Depuis la réouverture partielle de la douane de Melilla en janvier dernier, les chiffres confirment la quasi-absence d’activité. Seules 19 marchandises ont franchi la frontière, dont sept seulement en direction du Maroc. À Sebta, la situation n’est guère plus encourageante, avec 42 marchandises enregistrées, selon la Confédération des entrepreneurs de Ceuta (CECE).
Ces données illustrent un blocage persistant qui mine progressivement le tissu économique local.
Une incertitude juridique qui décourage les opérateurs économiques
Le président de la Confédération des entrepreneurs de Melilla (CEME-CEOE), Enrique Alcoba, a récemment exprimé son incompréhension et sa colère. Il rappelle que la douane commerciale fonctionnait normalement depuis le traité de Fès de 1866, et que jamais une fermeture aussi prolongée n’avait été observée.
D’après lui, le problème n’est pas un supposé manque d’intérêt des entreprises, mais plutôt les conditions restrictives imposées au transit des marchandises. Les contraintes limitent les échanges à « quelques secteurs, comme celui des appareils électroménagers », créant une insécurité juridique qui dissuade les opérateurs de s’engager dans des exportations risquées.
Alcoba dénonce une douane qui semble « ouverte en théorie, mais inutilisable dans les faits », soulignant que l’absence de stabilité réglementaire bloque toute stratégie commerciale viable.
Pressions politiques et absence de réponses du côté espagnol
Face à ce blocage, Enrique Alcoba appelle le ministre espagnol des Affaires étrangères, José Manuel Albares, à défendre clairement les intérêts des entrepreneurs de Melilla. Malgré ces sollicitations répétées, aucune avancée concrète n’a été annoncée.

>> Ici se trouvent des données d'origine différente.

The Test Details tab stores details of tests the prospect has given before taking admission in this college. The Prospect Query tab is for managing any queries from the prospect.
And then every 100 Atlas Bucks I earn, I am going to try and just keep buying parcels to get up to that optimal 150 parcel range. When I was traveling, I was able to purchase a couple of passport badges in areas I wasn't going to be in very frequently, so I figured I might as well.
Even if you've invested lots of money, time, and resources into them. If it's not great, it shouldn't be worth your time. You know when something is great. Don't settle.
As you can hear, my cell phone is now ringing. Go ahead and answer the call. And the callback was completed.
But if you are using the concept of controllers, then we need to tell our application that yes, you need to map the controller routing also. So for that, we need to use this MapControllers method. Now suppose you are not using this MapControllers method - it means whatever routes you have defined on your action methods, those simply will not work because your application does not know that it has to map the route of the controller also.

La situation a été d’autant plus mal perçue que, lors de sa récente visite à Ceuta, le président du gouvernement espagnol n’a pas évoqué la question des douanes commerciales, alimentant un sentiment d’abandon parmi les acteurs économiques des deux enclaves.

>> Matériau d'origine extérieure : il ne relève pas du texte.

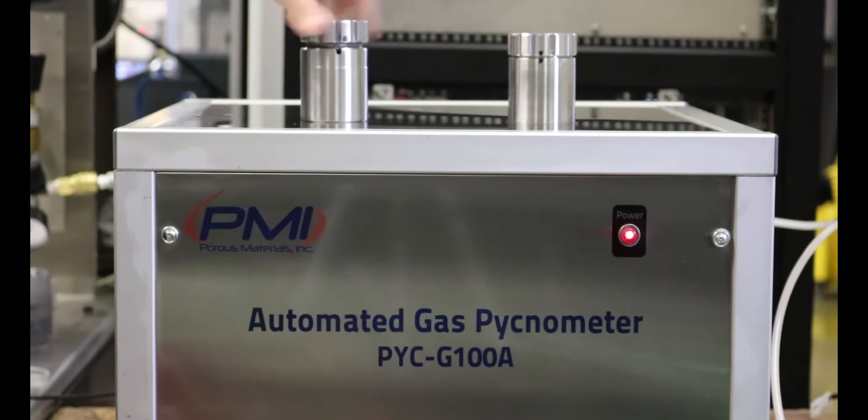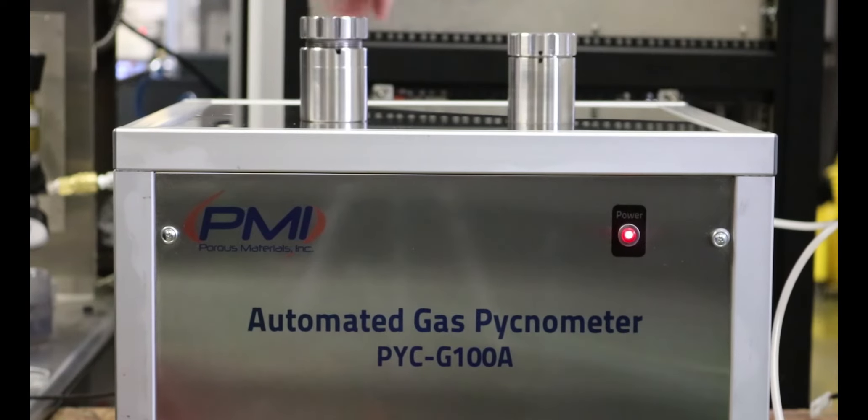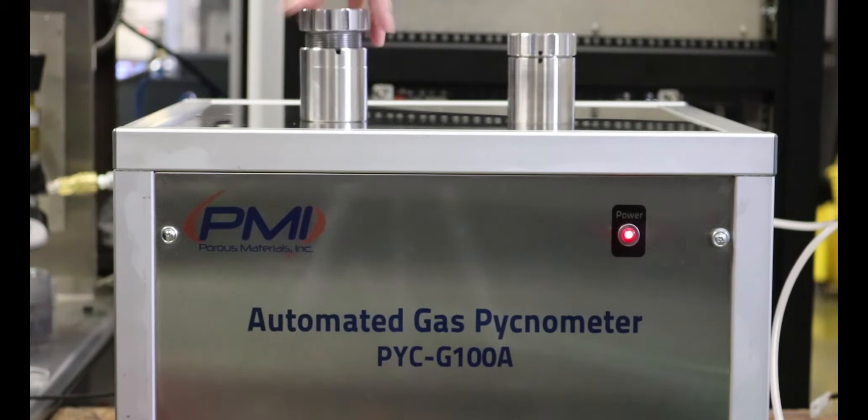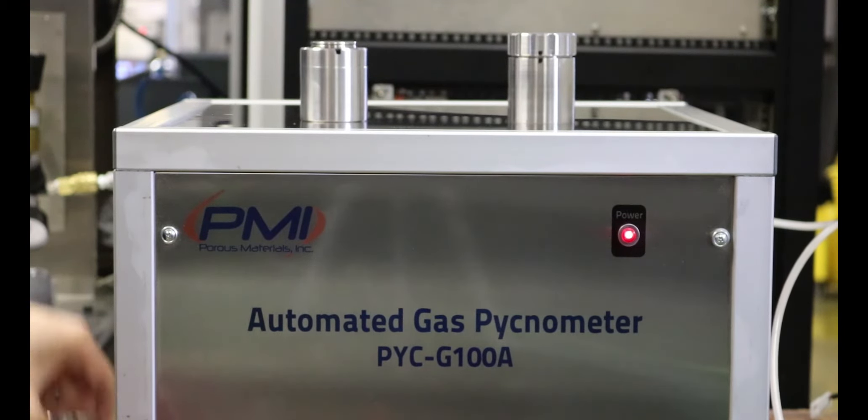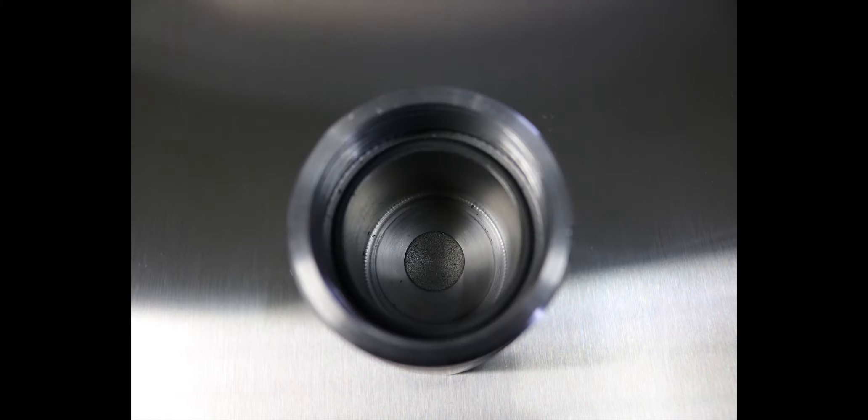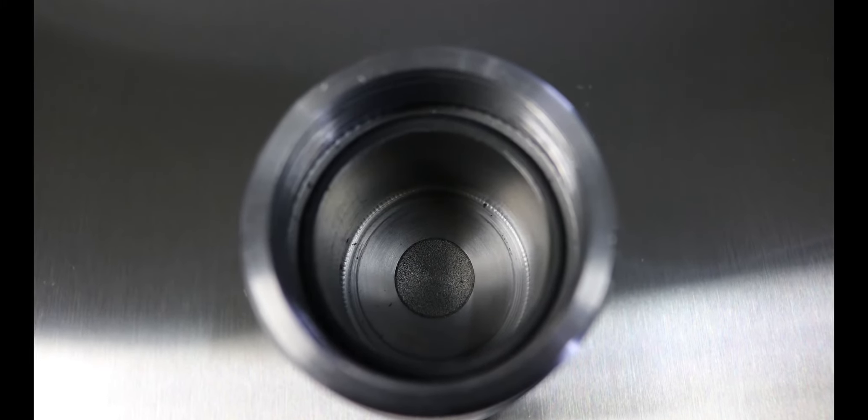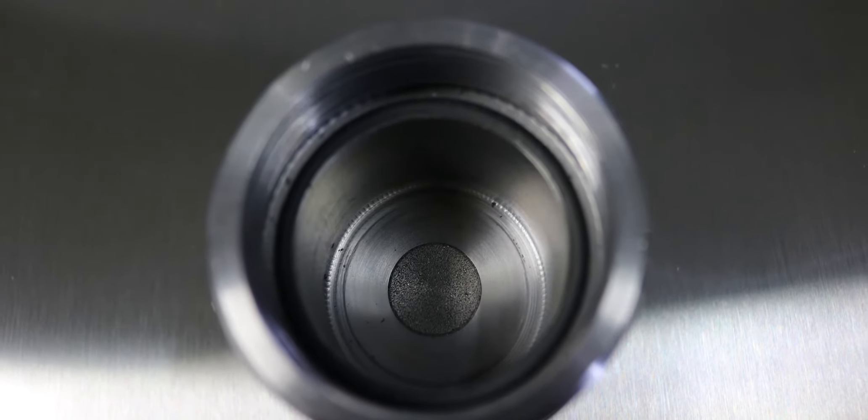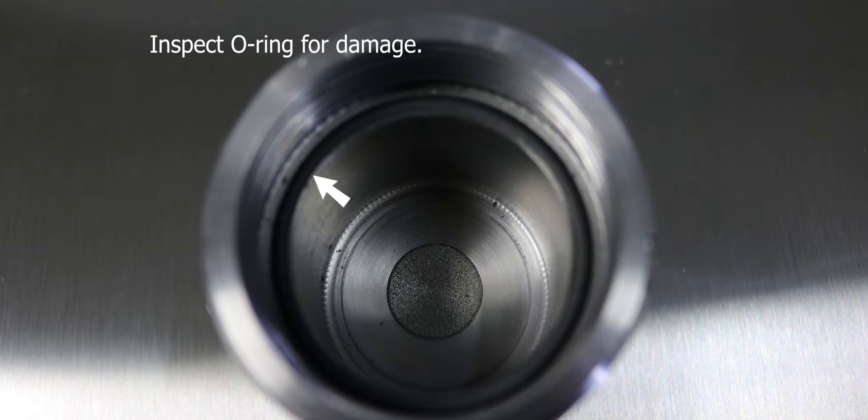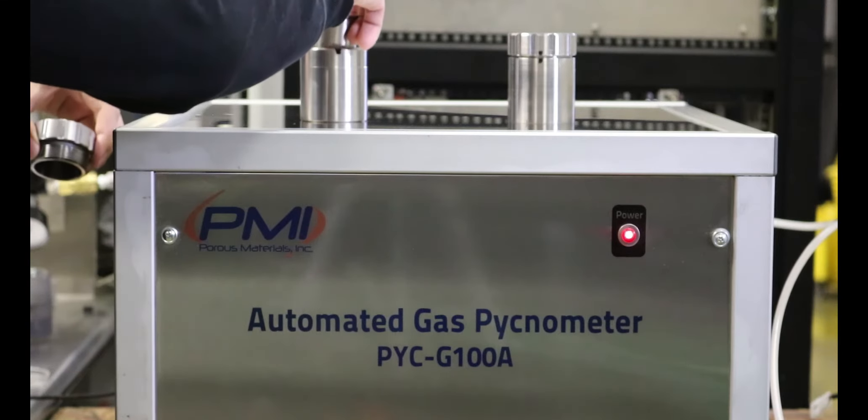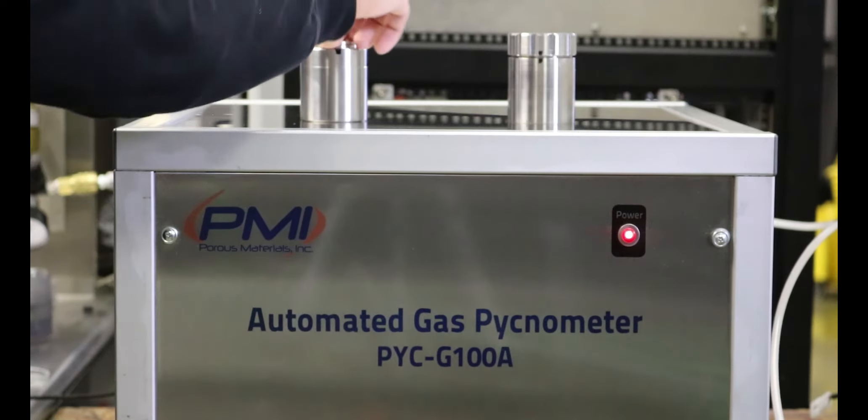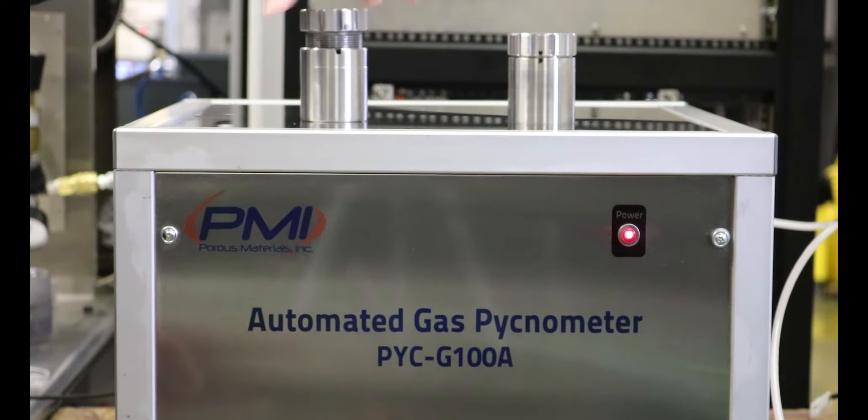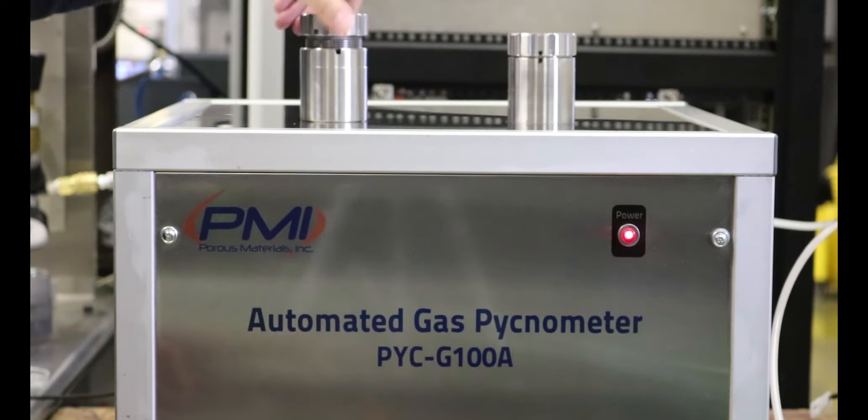Open the desired sample chamber and ensure the o-ring is present and in good operating condition. If any damage to the o-ring is apparent, it will need to be replaced to ensure accurate test readings. Once this is done, replace the cap on the sample chamber and turn until closed.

Le Maroc avance sur le terrain, mais les entrepreneurs restent sceptiques
Du côté marocain, une annonce a toutefois marqué l’actualité cette semaine : le lancement des travaux de rénovation du poste-frontière de Bab Sebta. Ce chantier, prévu pour durer six mois, vise à améliorer le transit des véhicules entre Sebta et le territoire marocain.
Si cette initiative représente un pas technique en avant, elle ne répond pas à la demande centrale des entrepreneurs : la reprise pleine et entière des douanes commerciales, indispensable à la survie économique des petites et moyennes entreprises de la région.

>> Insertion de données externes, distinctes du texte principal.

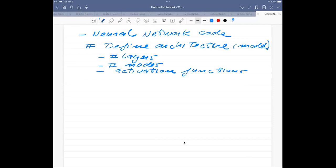Activation functions can differ from layer to layer, but it's common to use the same type throughout except for the output layer. For a binary classification problem, the output layer commonly uses a sigmoid function. If you're fitting a function — a regression problem — the activation function at the final layer is just the identity, meaning the number produced is sent directly out. So for regression, it's not common to have an activation function at the final layer.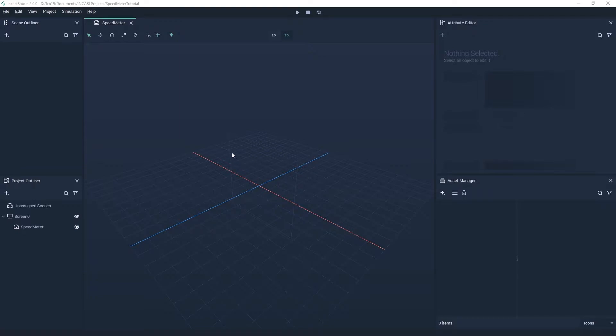The first thing we're going to do is explain the interface. When you open Inkari for the first time, you will see a screen like this. The main view here in the center is called the scene view. This is where all of our content will be displayed.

Un avenir toujours incertain pour les douanes commerciales
La situation actuelle demeure bloquée entre impératifs économiques et tensions politiques. Tant que le différend diplomatique autour du Sahara ne trouvera pas d’issue claire, la réactivation durable des douanes de Sebta et Melilla restera compromise. Pendant ce temps, entrepreneurs et commerçants attendent, inquiets de l’avenir de leurs activités.